This profile has multiple dimensions and is applied as a unit. Dimensions can interact — a capability can be required only because of a sibling read-only/tmpfs recommendation — so where they do, the minimum was derived under the sibling dimension's context. See the criteria doc and each dimension's recorded invocation below before applying them separately.

Dimension: capabilities

cap_drop: ALL + cap_add: DAC_OVERRIDE, SETGID, SETUID, SYS_PTRACE

toolcontainer-sec-derive 0.7.0
observerdrop-test
validated imagedocker.io/netdata/netdata@sha256:bcc822ec685d…
validated date2026-07-04
confidencemoderate
validated viadrop-test, ci-smoke
workloadprofiles/workloads/netdata.sh
workload sha256ba6ae07c95ee…
ig versionv0.51.0

Feature coverage (ledger)

A drop-test proves the minimum for what the workload exercised. Privilege-relevant features it did not drive are listed honestly — using one may need more than this minimum.

featureevidence / reason
drivenhost + per-process monitoring (apps.plugin /proc io/fd metrics)the correctness check requires a per-process fds_open chart to be NON-ZERO (dropping SYS_PTRACE zeroes it)
drivenper-container network-interface metrics (cgroup-network)verified on the live deploy: collects via the host-side veth fallback under the derived set (SYS_ADMIN's setns path fails once, non-fatally)
not driveneBPF collectors (ebpf.plugin)the image ships no ebpf.plugin, so nothing gates on it (ebpf=yes is a no-op); a custom build with the plugin would need re-derivation
not drivendocker.sock-based collectors (container names/state)socket access is a group grant, not a capability, so it cannot move this dimension; per-process docker metrics come via /proc + SYS_PTRACE
not drivenremaining optional collector surfacenot exhaustively driven — the reason this dimension's coverage grades partial (ADR-018); no known collector requires a cap outside the derived set

Drop-test evidence

Each candidate removed in turn, the container restarted, and the workload re-verified.

RemovedVerdictObserved
SYS_PTRACErequiredper-process metrics all zero — apps.plugin can't read /proc/<pid>/fd (SYS_PTRACE gap)
SYS_ADMINremovablecorrect: ready, daemon uid=201, per-process metrics collecting non-zero (app.dockerd_fds_open)
DAC_OVERRIDErequirednot ready (status=exited): API/apps.plugin not up
CHOWNremovablecorrect: ready, daemon uid=201, per-process metrics collecting non-zero (app.dockerd_fds_open)
FOWNERremovablecorrect: ready, daemon uid=201, per-process metrics collecting non-zero (app.dockerd_fds_open)
SETUIDrequireddaemon running as ROOT (privilege drop failed)
SETGIDrequireddaemon running as ROOT (privilege drop failed)

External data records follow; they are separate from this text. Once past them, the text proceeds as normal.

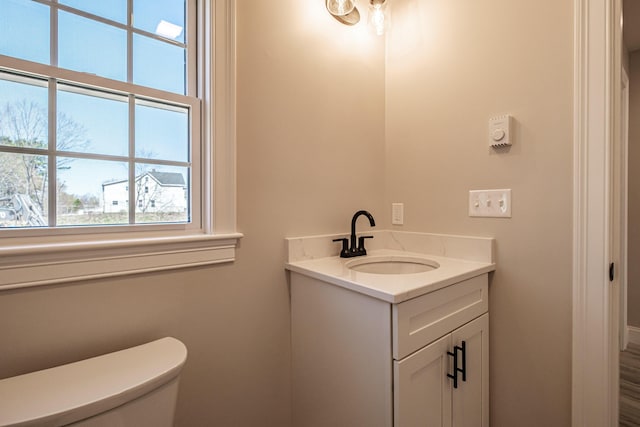 bathroom featuring vanity and toilet
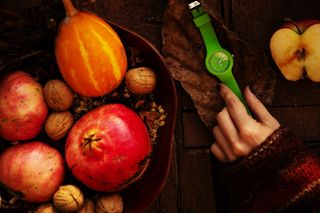 在苹果片和果篮之间触摸绿色模拟手表的人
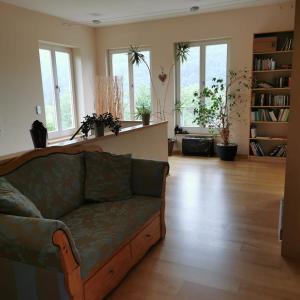 a living room with a couch and some windows at Bella Villa in Traben-Trarbach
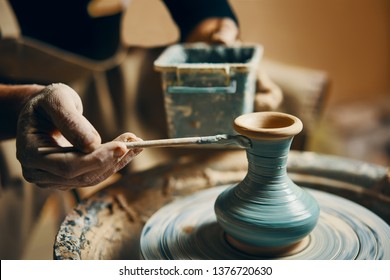 Man painting handmade pottery at ceramic workshop. Art concept - Powered by Shutterstock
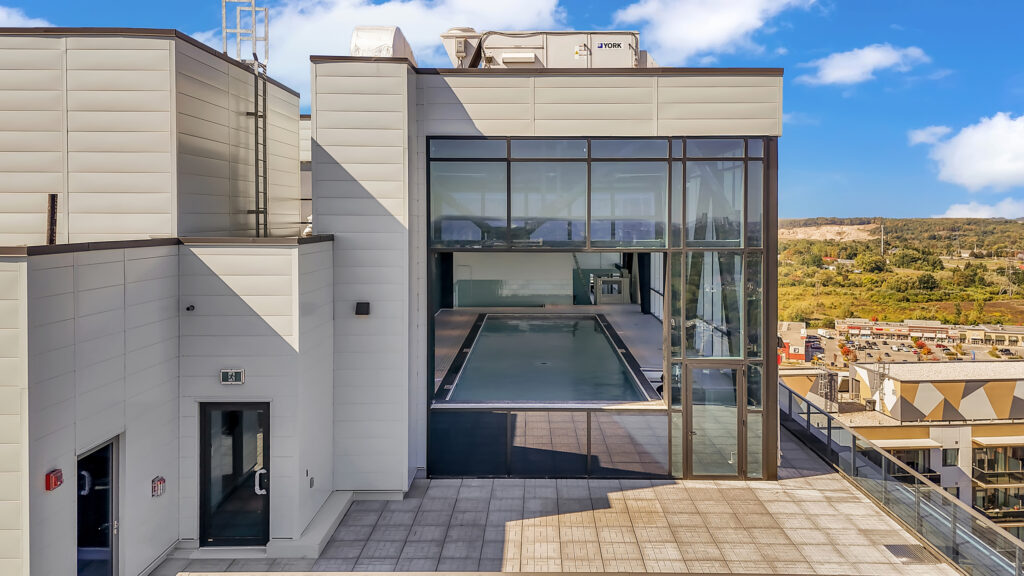 A modern apartment building featuring a rooftop swimming pool with lounge chairs and city views.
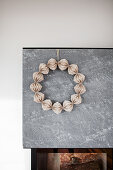 Wreath of honeycomb paper on fireplace wall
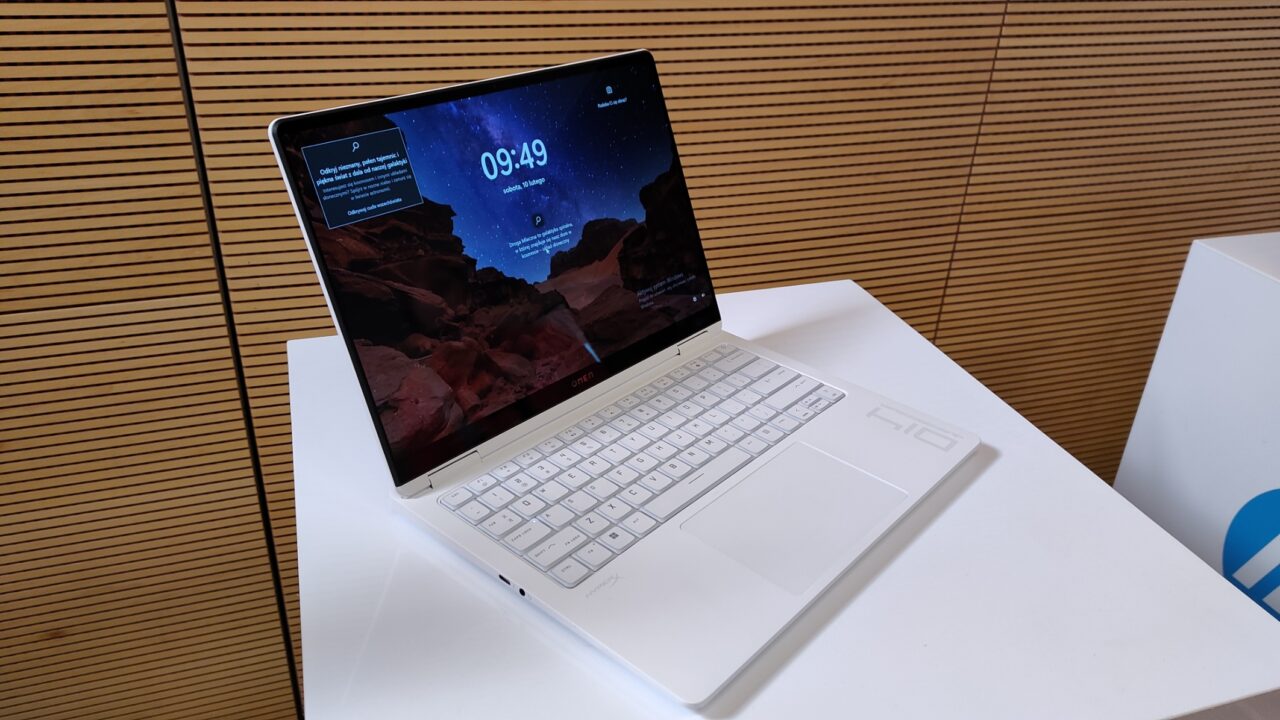 Laptop HP Omen Transcend 14 z białą klawiaturą i ekranem wyświetlającym ekran blokady z grafiką kosmiczną, oparty o tekturową podstawkę na biurku z jasnobrązowym tłem.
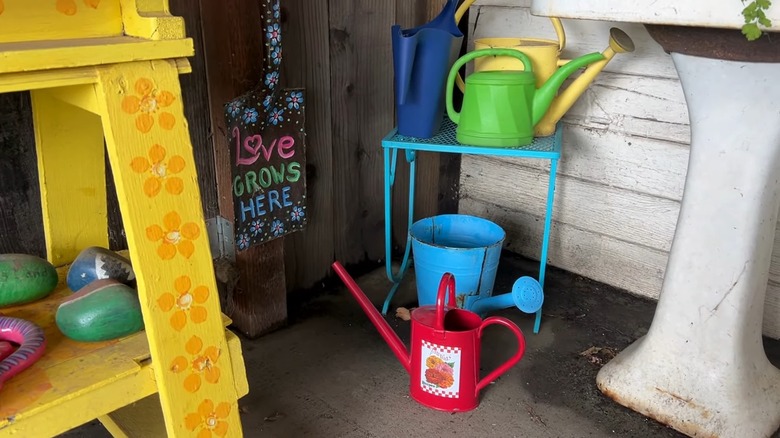 Colorful watering cans on a blue table near a decorated shovel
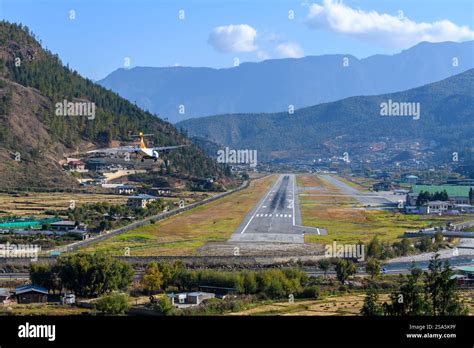 Aircraft approaching Paro Airport through Bhutan Himalayan valley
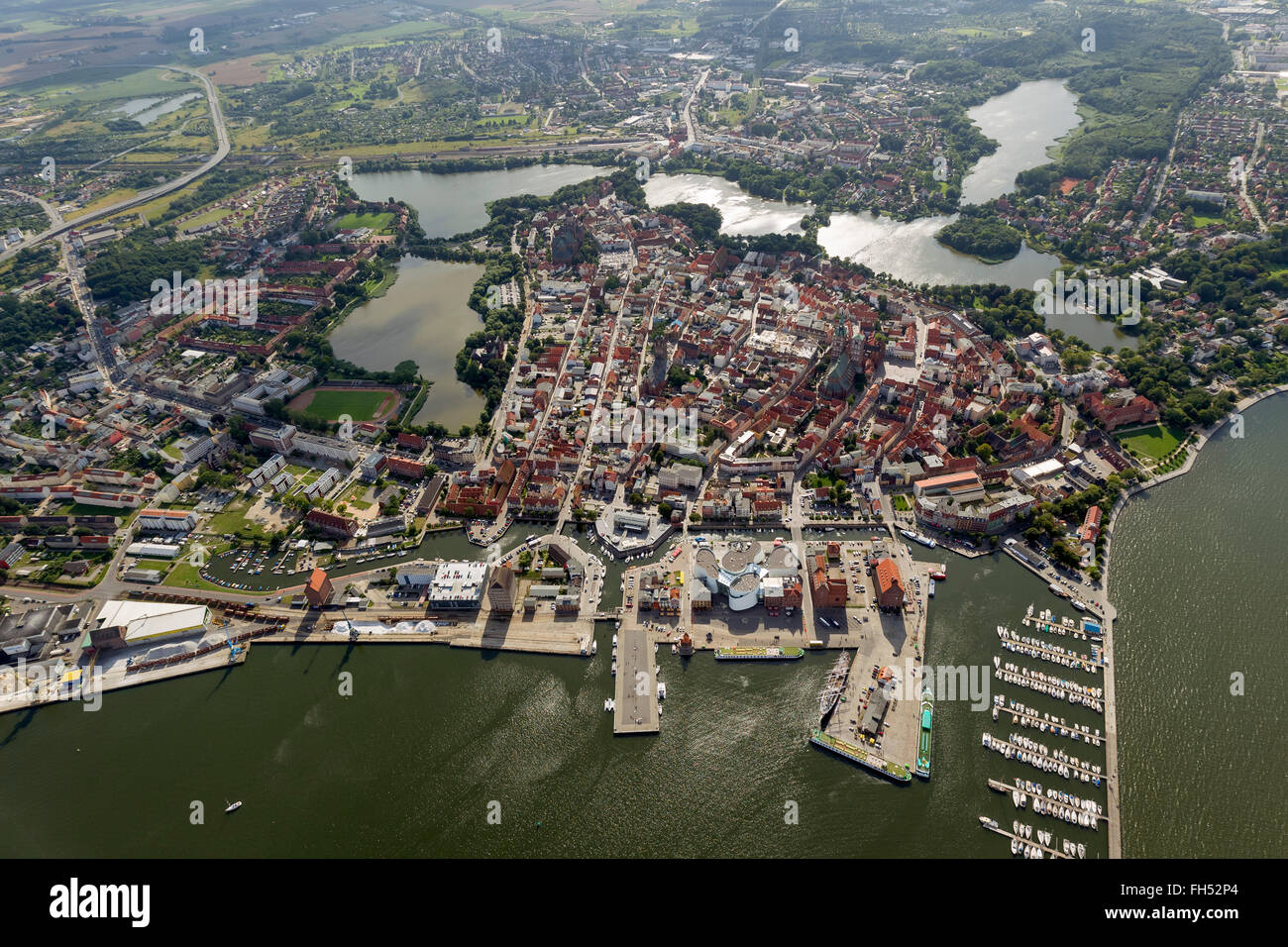 Aerial view, harbor, marina, with the German Oceanographic Museum and Ozeaneum, Stralsund, with the moated city island Stock Photo
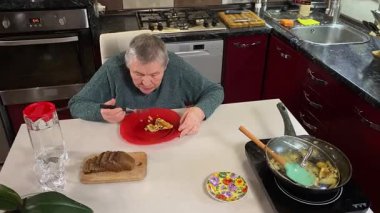 Sıcak bir ev mutfağında öğle yemeği yiyen, ev yapımı sıcak yemeğin tadını çıkaran yaşlı bir kadın. Yavaş ve dikkatli bir şekilde yiyor, tanıdık yiyeceklerin rahatlığını ve etrafındaki sakin atmosferi takdir ediyor.. 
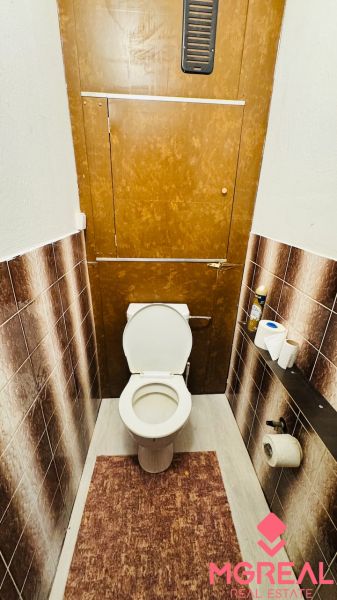Toaleta v 3-pokojovém bytě s hnědými obklady a rohožkou.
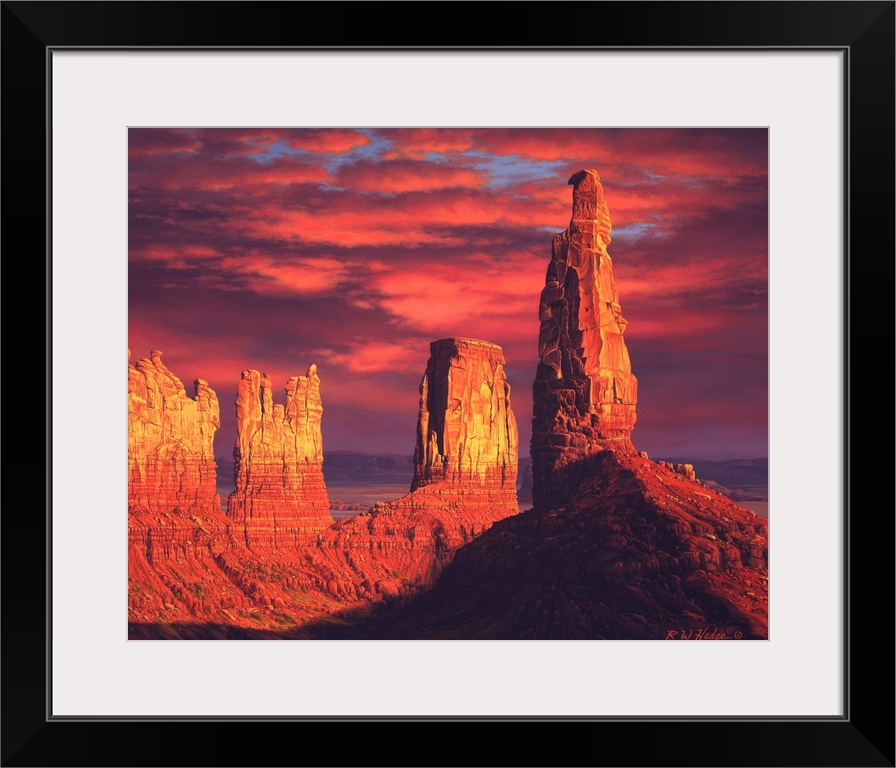 The sun setting on plateaus in Monument valley.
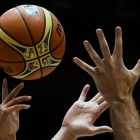 Dos jugadores disputan una pelota de baloncesto.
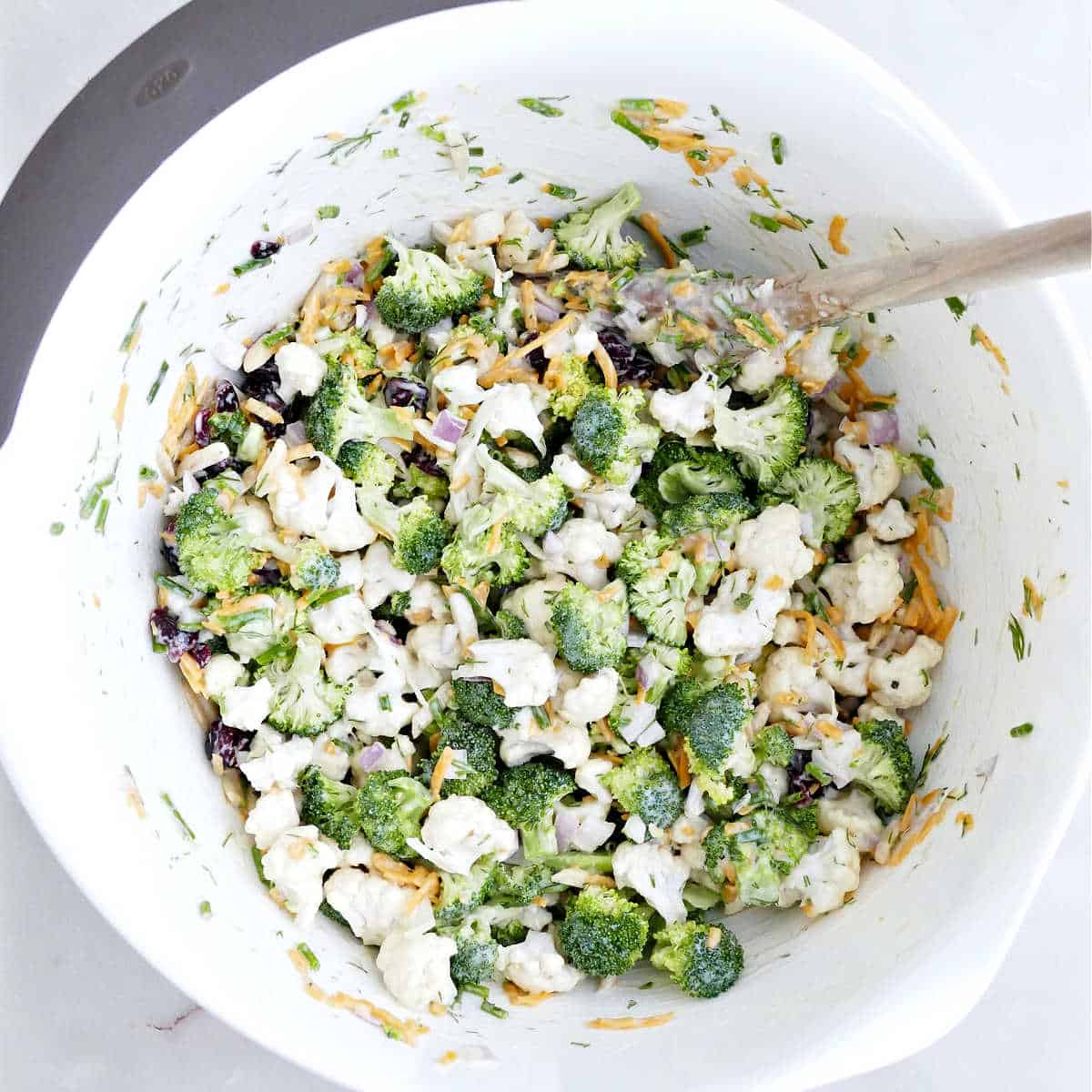 Broccoli and cauliflower salad recipe mixed together in a bowl with a spoon.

Recorded invocation (run_config)

The minimum is valid for this invocation; a different user:, volume state, or entrypoint can change it.

networkhost
pidhost
security_optapparmor=unconfined
mounts/proc:/host/proc:ro
/sys:/host/sys:ro
/etc/os-release:/host/etc/os-release:ro
/var/log:/host/var/log:ro
/var/run/docker.sock:/var/run/docker.sock:ro
/etc/passwd:/host/etc/passwd:ro
/etc/group:/host/etc/group:ro
envPGID
Workload script (profiles/workloads/netdata.sh)
#!/usr/bin/env bash
# Correctness check for netdata cap_add bisection (docker.io/netdata/netdata).
#
# netdata is run as a host monitor — pid:host, host /proc,/sys,/var/run/docker.sock
# read-only mounts, host network, and the granted cap set present — then each
# candidate capability is dropped, the container restarted, and this correctness check
# decides "still works CORRECTLY". Correctness is not just liveness: netdata must
# still drop root -> the unprivileged `netdata` user AND still collect per-process
# metrics for non-root processes, or the derivation is wrong.
#
# Required env: NDCONTAINER (target container name or id).
# Exit 0 = correct; non-zero = the dropped capability was required.
set -euo pipefail
: "${NDCONTAINER:?NDCONTAINER must be set}"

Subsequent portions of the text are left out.